Rive and other renewable energy developers are lobbying on behalf of changes in the law that would allow them to monetize that 30 percent tax credit.
“The House version of stimulus bill almost gets it right,” Rive said. It has a couple of things that could really start addressing this problem, but it only solves part of the problem.”
The House has supported legislation that would allow renewable energy developers to exchange their tax incentive for grant money of an equal value. This would give renewable energy developers with power purchase agreements cash upfront to begin work on their projects.
It also has a provision allowing renewable energy plant owners to carry back depreciation on the plants for up to five years. But it limits participants to those that have not taken Troubled Assets Relief Program funds.

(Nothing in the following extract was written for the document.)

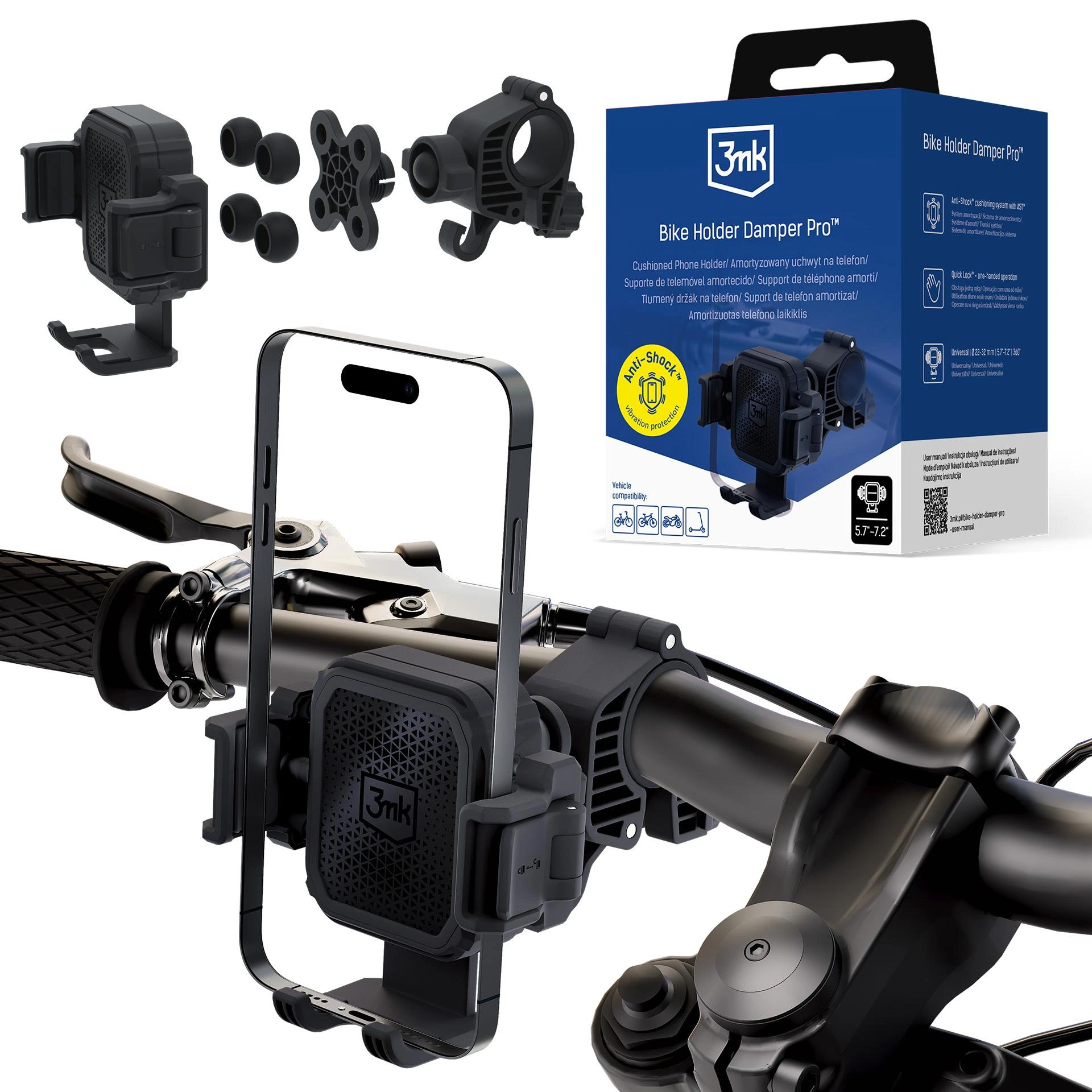 3mk Bike Holder Damper Pro aprašymas - Prekės nuotrauka 3mk Bike Holder Damper Pro aprašymas - Prekės nuotrauka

Rive said that since most of the big lenders likely to invest in large renewable energy projects have already taken the federal money, the field of potential investors has been further constricted.
“We need a stimulus program that brings the banks back into the system,” Rive said. “The only change to the House bill would be to make the carryback apply to TARP companies — that would address the depreciation problem.”
He said he would also be enthusiastic about a federal lending program for infrastructure programs such as renewable energy plants. He said the only worry about a program like that would be about limits on the number or size of loans a renewable developer could get. After all, if there’s no bank to purchase a renewable energy plant after it’s built and the developer can’t get another loan until it sells the last plant the number of plants getting built would be small.
Renewable energy developers have already been seriously affected by the credit crunch with projects across the country stalled or canceled as developers compete for a smaller pool of investors.
Without some kind of change, the budding renewable energy industry in the United States will quickly come to a screeching halt, he said.
Rive said he is confident that once he explains the situation renewable energy developers are in, Congress will be supportive.
“We’re not asking for a handout — we’re asking to monetize what’s already been approved,” Rive said. “I don’t think anyone has an objection to what we’re asking for, but we want to make sure what we’re asking for is understood.”